Thanks for this, useful info. I remember when we implemented csv that
it seemed trivial and was not.
Org-mode does have a separate orgtbl-to-tsv which
handles tab-separated data.
HTH,
Nick
,----
| NAME
| csv - CSV parsing and writing.
|
| FILE
| /usr/lib/python2.5/csv.py
|
| MODULE DOCS
| http://www.python.org/doc/current/lib/module-csv.html
|
| DESCRIPTION
| This module provides classes that assist in the reading and
writing
| of Comma Separated Value (CSV) files, and implements the
interface
| described by PEP 305. Although many CSV files are simple to
parse,
| the format is not formally defined by a stable specification and
| is subtle enough that parsing lines of a CSV file with something
| like line.split(",") is bound to fail. The module supports
three
| basic APIs: reading, writing, and registration of dialects.
|
|
| DIALECT REGISTRATION:
|
| Readers and writers support a dialect argument, which is a
convenient
| handle on a group of settings. When the dialect argument is a
string,
| it identifies one of the dialects previously registered with
the module.
| If it is a class or instance, the attributes of the argument
are used as
| the settings for the reader or writer:
|
| class excel:
| delimiter = ','
| quotechar = '"'
| escapechar = None
| doublequote = True
| skipinitialspace = False
| lineterminator = '\r\n'
| quoting = QUOTE_MINIMAL
|
| SETTINGS:
|
| * quotechar - specifies a one-character string to use as the
| quoting character. It defaults to '"'.
| * delimiter - specifies a one-character string to use as the
| field separator. It defaults to ','.
| * skipinitialspace - specifies how to interpret whitespace
which
| immediately follows a delimiter.
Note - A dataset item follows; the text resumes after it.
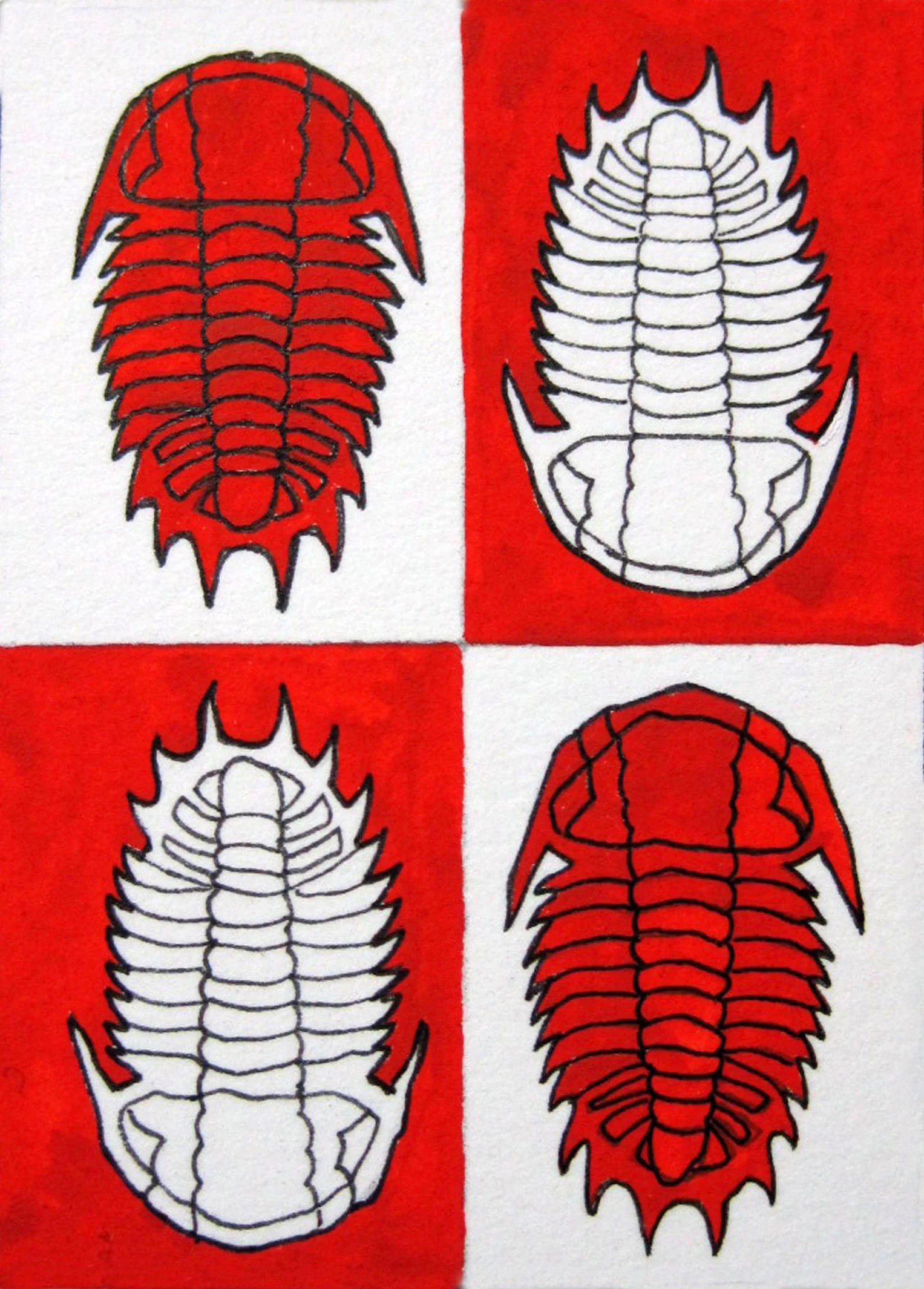 Realm of the Trilobites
It defaults to
False, which
| means that whitespace immediately following a
delimiter is part
| of the following field.
| * lineterminator - specifies the character sequence which
should
| terminate rows.
| * quoting - controls when quotes should be generated by
the writer.
| It can take on any of the following module constants:
|
| csv.QUOTE_MINIMAL means only when required, for
example, when a
| field contains either the quotechar or the delimiter
| csv.QUOTE_ALL means that quotes are always placed
around fields.
| csv.QUOTE_NONNUMERIC means that quotes are always
placed around
| fields which do not parse as integers or floating
point
| numbers.
| csv.QUOTE_NONE means that quotes are never placed
around fields.
| * escapechar - specifies a one-character string used to
escape
| the delimiter when quoting is set to QUOTE_NONE.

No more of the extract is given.